[Extracted information Boundary: Start]
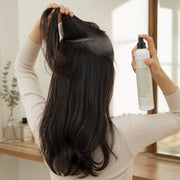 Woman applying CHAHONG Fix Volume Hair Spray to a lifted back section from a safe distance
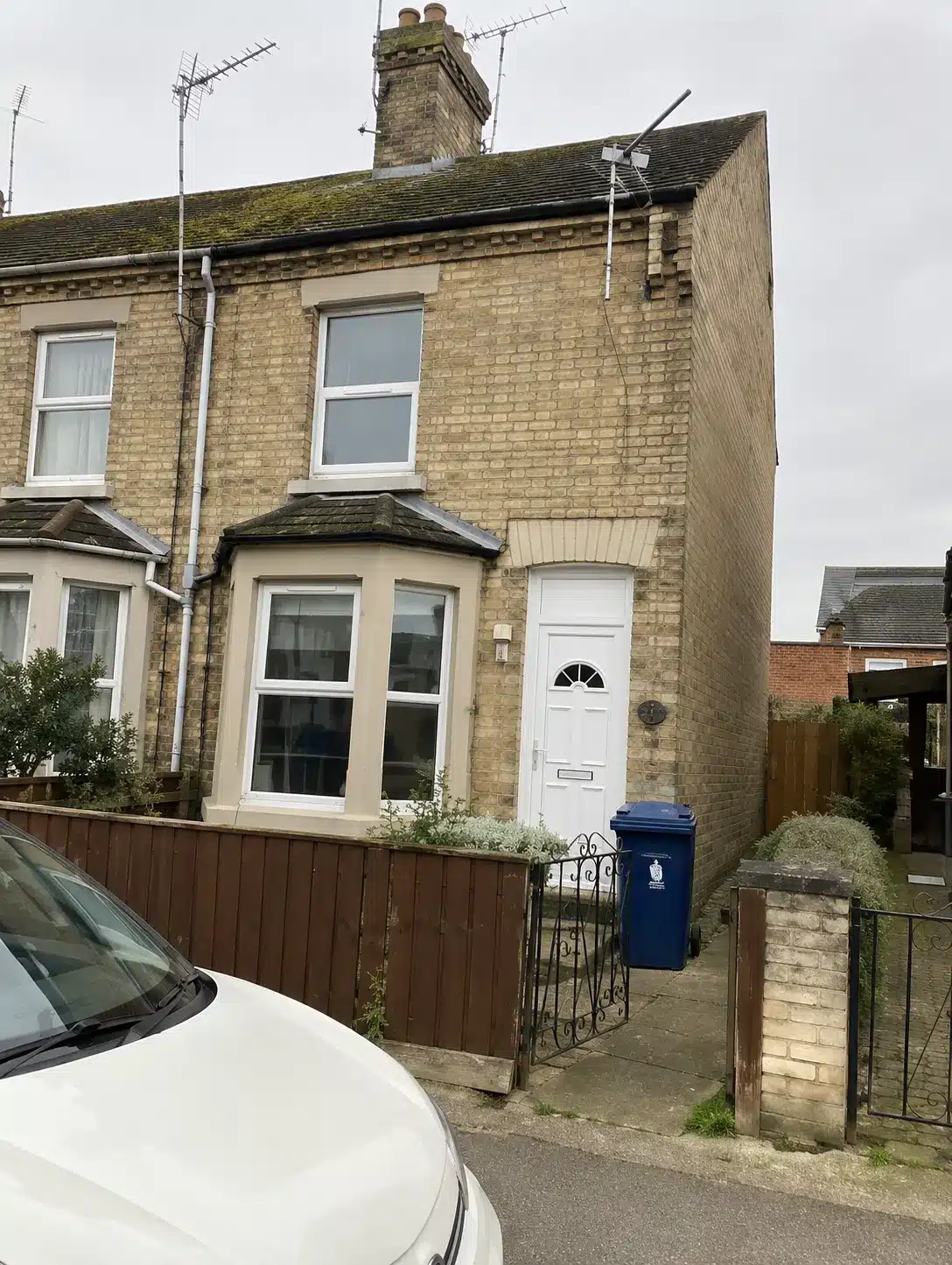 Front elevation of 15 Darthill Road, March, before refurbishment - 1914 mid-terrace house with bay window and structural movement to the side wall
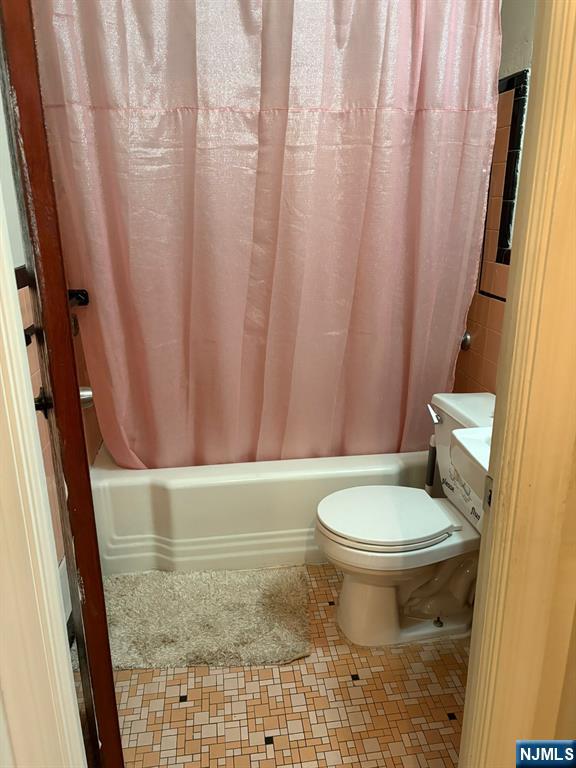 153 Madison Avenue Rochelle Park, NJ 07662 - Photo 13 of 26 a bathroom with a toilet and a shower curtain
[Extracted information Boundary: End]
[Extracted information Boundary: Start]
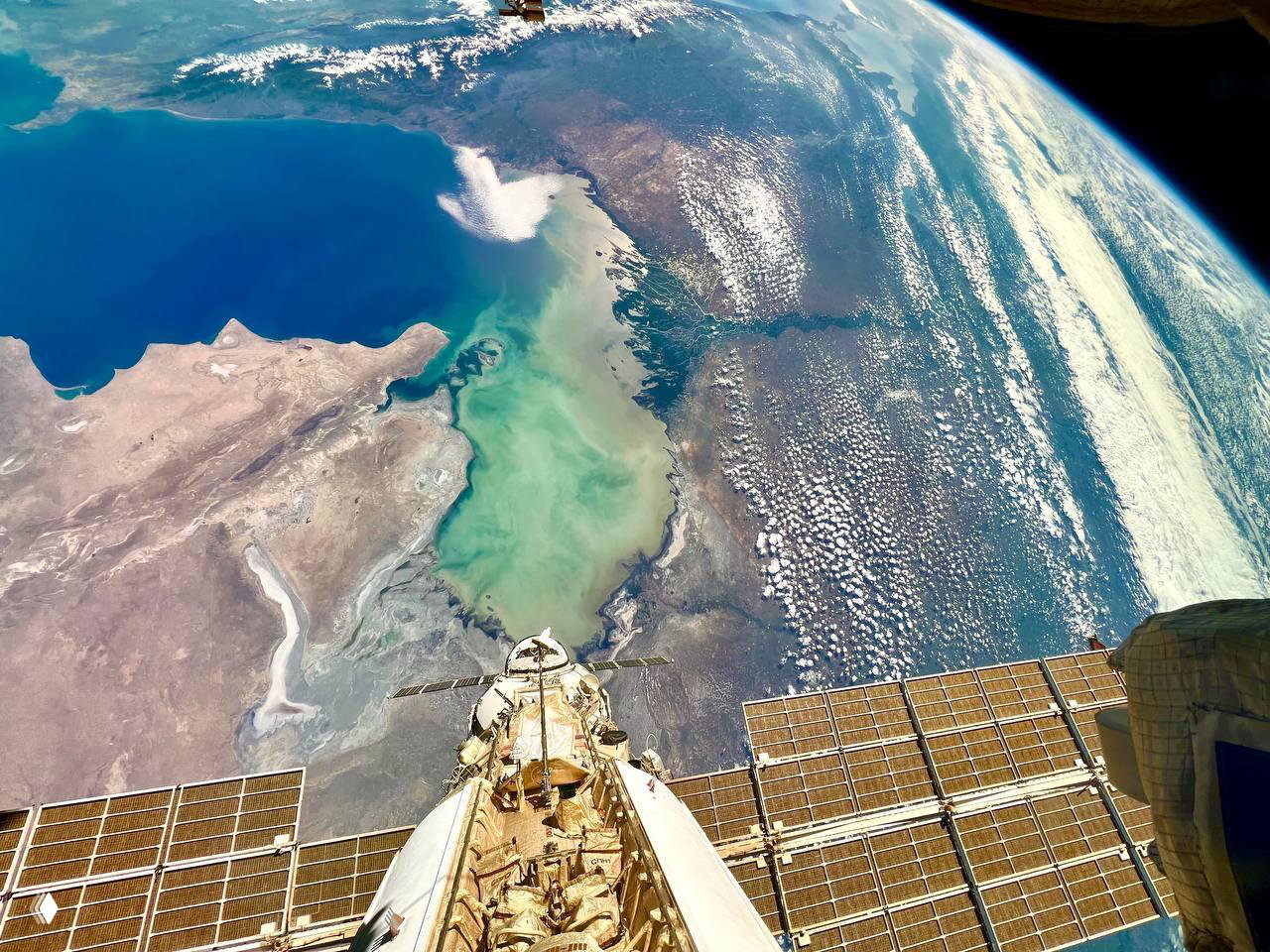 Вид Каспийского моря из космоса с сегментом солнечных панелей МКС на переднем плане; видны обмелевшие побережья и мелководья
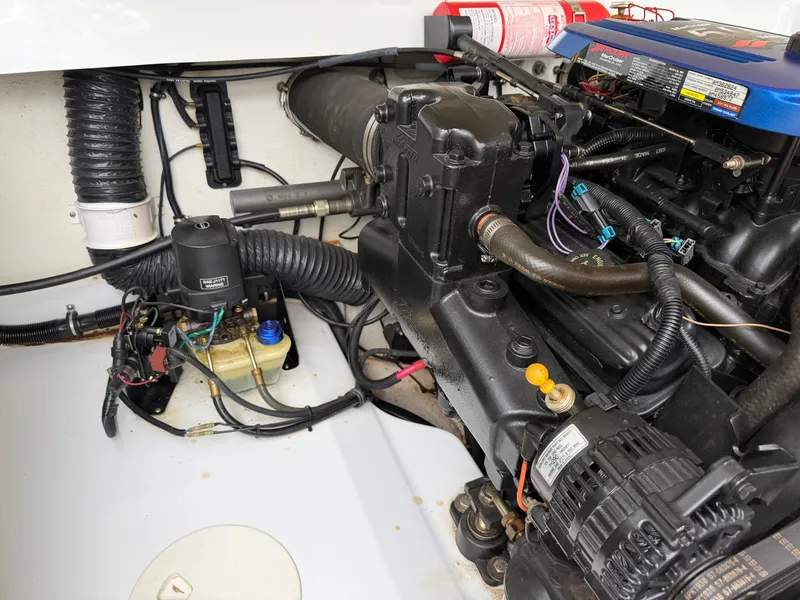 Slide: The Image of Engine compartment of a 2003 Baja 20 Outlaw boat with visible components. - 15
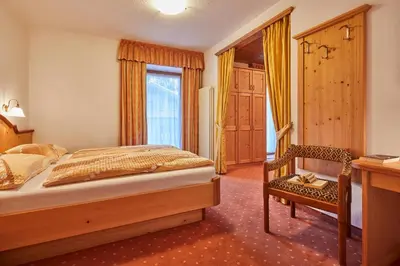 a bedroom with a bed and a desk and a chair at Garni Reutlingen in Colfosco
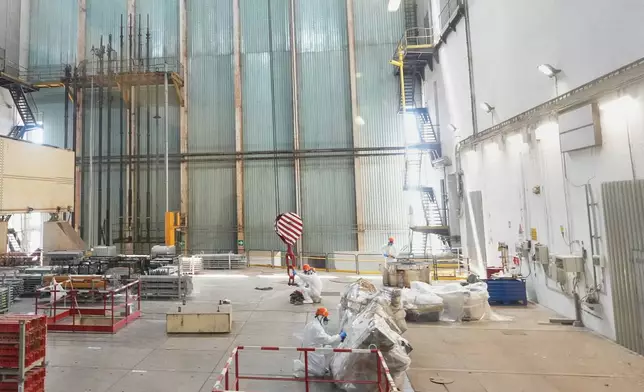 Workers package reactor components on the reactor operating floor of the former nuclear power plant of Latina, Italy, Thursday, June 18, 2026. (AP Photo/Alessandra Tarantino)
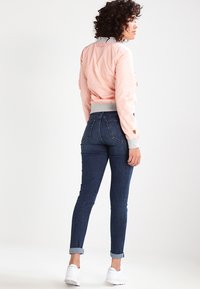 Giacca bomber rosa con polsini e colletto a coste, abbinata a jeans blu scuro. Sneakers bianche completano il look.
[Extracted information Boundary: End]
[Extracted information Boundary: Start]
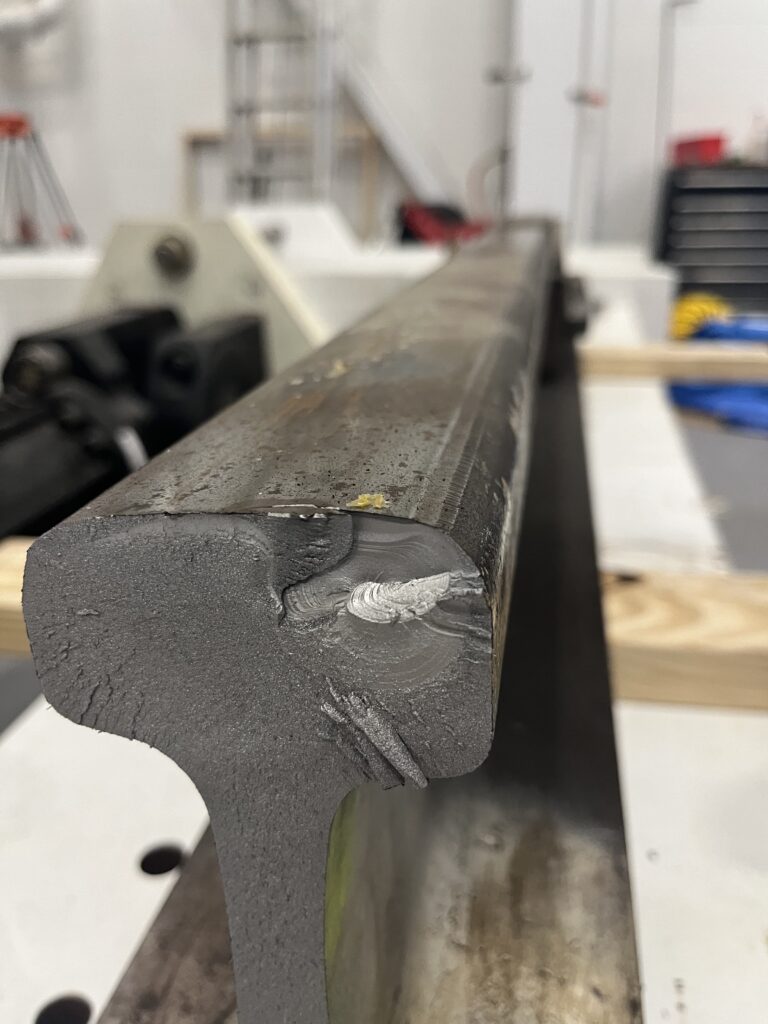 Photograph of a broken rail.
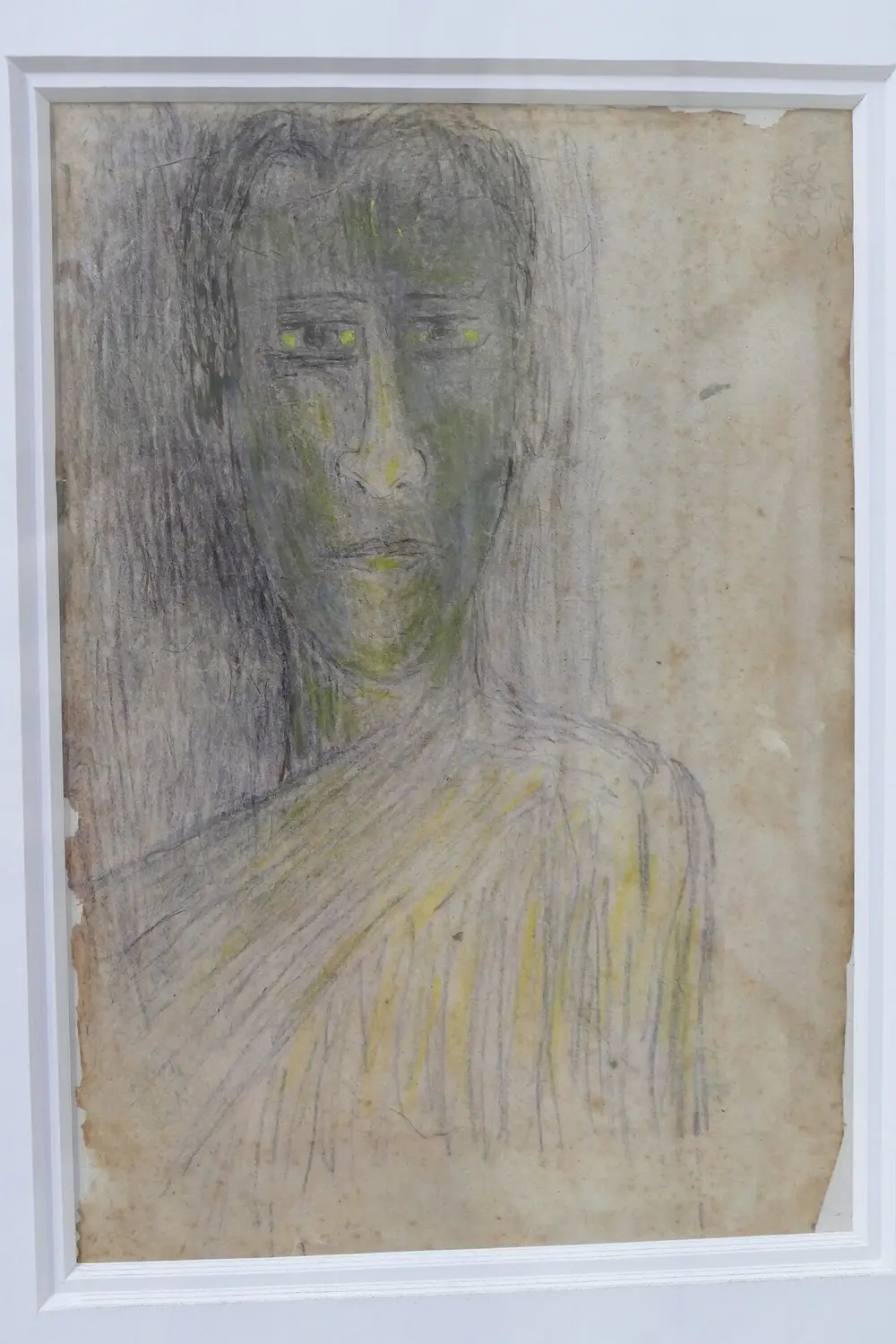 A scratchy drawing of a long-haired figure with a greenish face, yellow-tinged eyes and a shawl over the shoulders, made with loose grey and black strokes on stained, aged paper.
[Extracted information Boundary: End]
### Problem details
Return exactly the lines of the material above, starting at the line containing "Вид Каспийского моря" and finishing at the line containing "Workers package reactor", without any pictures.

### Reply to the task
 Вид Каспийского моря из космоса с сегментом солнечных панелей МКС на переднем плане; видны обмелевшие побережья и мелководья
 Slide: The Image of Engine compartment of a 2003 Baja 20 Outlaw boat with visible components. - 15
 a bedroom with a bed and a desk and a chair at Garni Reutlingen in Colfosco
 Workers package reactor components on the reactor operating floor of the former nuclear power plant of Latina, Italy, Thursday, June 18, 2026. (AP Photo/Alessandra Tarantino)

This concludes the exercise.